━━━━━ Data to process ━━━━━

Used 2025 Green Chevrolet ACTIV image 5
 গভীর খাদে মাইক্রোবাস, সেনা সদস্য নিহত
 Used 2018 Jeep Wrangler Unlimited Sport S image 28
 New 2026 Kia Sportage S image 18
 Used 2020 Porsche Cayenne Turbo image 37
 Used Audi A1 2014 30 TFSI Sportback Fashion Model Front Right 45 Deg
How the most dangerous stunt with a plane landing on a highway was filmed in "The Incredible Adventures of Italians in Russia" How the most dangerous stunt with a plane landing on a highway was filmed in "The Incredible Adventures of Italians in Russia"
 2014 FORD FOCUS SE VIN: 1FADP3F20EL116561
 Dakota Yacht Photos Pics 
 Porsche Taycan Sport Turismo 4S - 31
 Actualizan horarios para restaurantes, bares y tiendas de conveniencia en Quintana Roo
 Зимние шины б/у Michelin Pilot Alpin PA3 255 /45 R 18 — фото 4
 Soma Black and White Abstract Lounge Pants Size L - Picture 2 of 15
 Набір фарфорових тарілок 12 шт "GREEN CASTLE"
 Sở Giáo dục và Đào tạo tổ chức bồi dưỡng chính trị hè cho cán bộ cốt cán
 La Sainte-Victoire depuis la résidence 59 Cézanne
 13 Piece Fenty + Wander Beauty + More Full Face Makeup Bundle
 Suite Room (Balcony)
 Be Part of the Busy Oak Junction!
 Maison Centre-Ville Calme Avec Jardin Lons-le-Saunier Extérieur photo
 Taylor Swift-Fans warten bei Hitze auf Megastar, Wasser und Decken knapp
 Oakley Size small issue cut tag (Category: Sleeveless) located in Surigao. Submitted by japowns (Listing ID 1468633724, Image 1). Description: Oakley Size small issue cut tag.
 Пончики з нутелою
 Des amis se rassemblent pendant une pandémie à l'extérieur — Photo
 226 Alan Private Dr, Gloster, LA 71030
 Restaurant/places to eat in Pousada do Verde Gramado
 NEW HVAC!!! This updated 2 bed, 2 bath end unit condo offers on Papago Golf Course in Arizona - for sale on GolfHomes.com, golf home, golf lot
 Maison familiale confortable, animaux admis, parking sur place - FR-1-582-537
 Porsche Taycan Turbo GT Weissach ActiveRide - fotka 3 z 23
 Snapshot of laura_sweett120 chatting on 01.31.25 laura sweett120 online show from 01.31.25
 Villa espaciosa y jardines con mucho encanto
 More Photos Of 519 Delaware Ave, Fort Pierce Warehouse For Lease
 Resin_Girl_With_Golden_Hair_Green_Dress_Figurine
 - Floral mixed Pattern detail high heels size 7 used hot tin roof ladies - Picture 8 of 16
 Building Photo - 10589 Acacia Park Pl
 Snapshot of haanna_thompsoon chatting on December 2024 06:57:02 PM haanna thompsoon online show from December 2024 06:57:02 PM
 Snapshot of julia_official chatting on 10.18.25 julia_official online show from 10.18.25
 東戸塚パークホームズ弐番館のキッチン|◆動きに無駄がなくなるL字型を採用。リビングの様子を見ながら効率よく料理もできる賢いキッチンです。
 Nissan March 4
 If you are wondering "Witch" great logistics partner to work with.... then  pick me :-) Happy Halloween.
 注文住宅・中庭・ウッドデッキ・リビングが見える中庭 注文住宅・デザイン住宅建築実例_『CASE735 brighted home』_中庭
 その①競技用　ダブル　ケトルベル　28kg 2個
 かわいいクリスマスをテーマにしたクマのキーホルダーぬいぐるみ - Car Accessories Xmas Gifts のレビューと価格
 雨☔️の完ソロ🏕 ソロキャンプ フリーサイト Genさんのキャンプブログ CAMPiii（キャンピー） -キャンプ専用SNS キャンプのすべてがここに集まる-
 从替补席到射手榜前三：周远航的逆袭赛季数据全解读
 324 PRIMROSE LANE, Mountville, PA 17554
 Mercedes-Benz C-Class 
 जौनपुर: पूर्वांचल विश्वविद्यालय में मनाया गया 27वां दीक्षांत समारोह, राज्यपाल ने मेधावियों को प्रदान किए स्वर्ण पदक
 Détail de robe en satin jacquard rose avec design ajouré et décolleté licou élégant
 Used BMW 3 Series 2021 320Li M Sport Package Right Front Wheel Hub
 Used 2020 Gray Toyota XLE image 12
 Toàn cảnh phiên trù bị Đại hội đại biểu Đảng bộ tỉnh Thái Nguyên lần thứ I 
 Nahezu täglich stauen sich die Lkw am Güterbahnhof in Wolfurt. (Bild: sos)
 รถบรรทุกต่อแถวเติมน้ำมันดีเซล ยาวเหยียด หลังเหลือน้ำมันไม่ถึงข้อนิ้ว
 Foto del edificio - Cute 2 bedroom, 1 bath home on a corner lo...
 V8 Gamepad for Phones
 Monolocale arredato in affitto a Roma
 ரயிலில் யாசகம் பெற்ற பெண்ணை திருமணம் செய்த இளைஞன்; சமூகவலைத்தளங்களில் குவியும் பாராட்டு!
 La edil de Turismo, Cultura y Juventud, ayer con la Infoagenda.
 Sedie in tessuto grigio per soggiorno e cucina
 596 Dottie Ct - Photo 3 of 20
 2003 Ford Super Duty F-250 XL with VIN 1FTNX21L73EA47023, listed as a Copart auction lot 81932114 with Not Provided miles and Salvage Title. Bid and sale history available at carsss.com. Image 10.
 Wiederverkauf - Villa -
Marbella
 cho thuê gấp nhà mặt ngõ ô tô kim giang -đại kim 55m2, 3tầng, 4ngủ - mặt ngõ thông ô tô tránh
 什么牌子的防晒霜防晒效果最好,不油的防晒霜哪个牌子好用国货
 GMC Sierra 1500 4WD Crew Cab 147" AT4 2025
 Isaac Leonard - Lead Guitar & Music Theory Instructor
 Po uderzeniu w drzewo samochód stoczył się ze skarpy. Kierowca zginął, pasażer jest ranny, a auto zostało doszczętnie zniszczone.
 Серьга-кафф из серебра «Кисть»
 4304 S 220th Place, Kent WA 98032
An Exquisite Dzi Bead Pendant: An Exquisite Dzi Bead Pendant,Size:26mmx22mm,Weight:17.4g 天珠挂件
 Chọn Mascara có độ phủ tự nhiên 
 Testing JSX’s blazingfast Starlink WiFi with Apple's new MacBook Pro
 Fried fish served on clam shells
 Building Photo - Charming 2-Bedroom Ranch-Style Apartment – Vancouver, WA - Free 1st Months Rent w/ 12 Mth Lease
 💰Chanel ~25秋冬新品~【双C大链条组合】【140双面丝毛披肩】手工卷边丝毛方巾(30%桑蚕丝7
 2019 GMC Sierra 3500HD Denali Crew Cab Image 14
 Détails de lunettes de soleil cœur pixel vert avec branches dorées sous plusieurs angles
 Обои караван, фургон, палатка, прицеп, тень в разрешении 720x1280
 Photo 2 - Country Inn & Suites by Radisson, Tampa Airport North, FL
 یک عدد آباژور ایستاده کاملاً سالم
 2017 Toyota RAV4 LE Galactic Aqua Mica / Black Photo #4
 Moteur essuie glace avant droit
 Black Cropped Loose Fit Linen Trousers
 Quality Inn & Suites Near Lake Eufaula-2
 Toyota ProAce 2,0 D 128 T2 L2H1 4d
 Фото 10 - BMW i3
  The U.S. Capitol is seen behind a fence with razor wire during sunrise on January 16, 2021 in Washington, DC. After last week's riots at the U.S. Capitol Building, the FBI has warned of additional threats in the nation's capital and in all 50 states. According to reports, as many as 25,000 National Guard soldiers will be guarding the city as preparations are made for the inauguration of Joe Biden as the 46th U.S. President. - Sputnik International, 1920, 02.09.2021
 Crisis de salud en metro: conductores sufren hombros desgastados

━━━━━

Of all the entries above, output exactly the lines between the one holding "ரயிலில் யாசகம் பெற்ற" and the one holding "596 Dottie Ct - Photo 3 of 20", inclusive.

■ Exercise output ■
 ரயிலில் யாசகம் பெற்ற பெண்ணை திருமணம் செய்த இளைஞன்; சமூகவலைத்தளங்களில் குவியும் பாராட்டு!
 La edil de Turismo, Cultura y Juventud, ayer con la Infoagenda.
 Sedie in tessuto grigio per soggiorno e cucina
 596 Dottie Ct - Photo 3 of 20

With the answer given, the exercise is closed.